*ASSIGNMENT:* Please copy each line of the data that includes the string "hayan".

*INPUT RECORDS:*

_ _ _

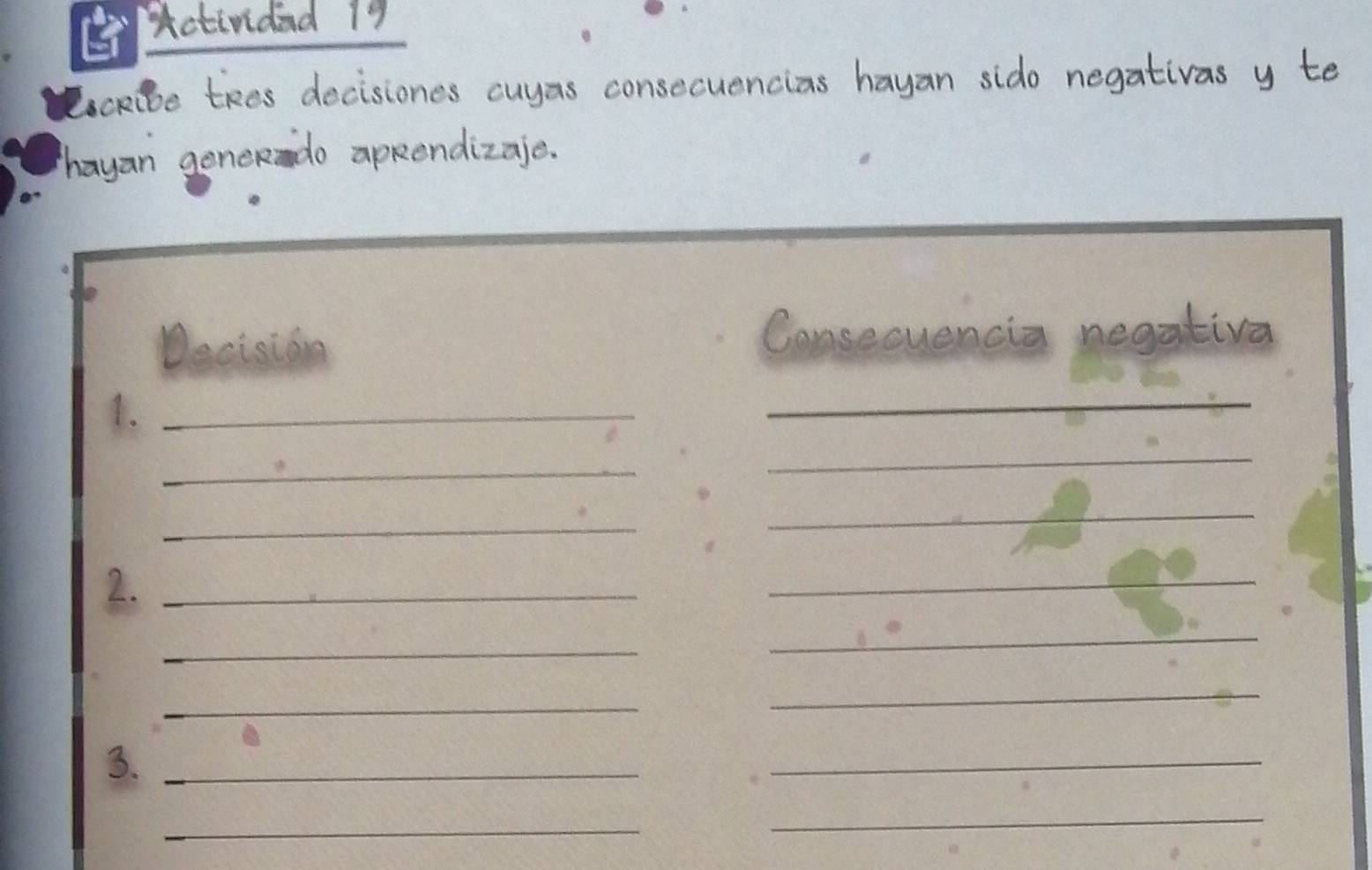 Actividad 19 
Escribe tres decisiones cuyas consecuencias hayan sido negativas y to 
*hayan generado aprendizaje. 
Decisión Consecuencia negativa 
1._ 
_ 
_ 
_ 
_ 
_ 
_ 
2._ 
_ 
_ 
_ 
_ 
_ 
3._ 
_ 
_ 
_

_ _ _

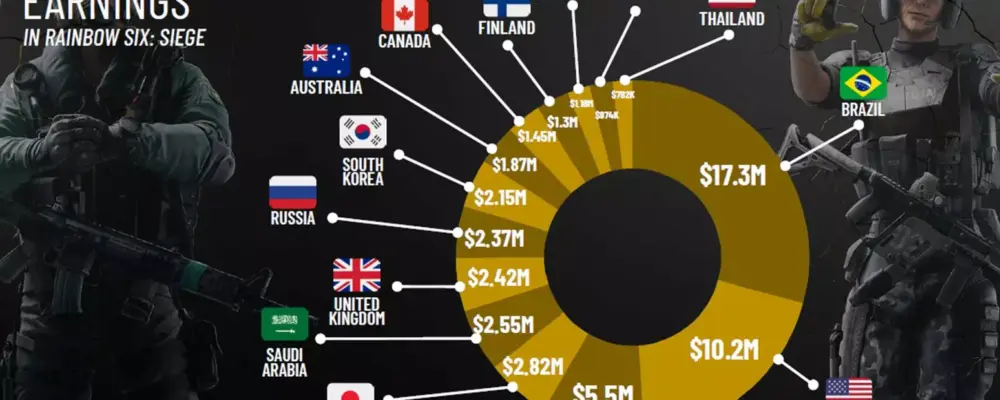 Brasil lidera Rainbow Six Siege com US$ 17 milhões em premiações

_ _ _

*RESULT OF THIS EXERCISE:*
Escribe tres decisiones cuyas consecuencias hayan sido negativas y to 
*hayan generado aprendizaje. 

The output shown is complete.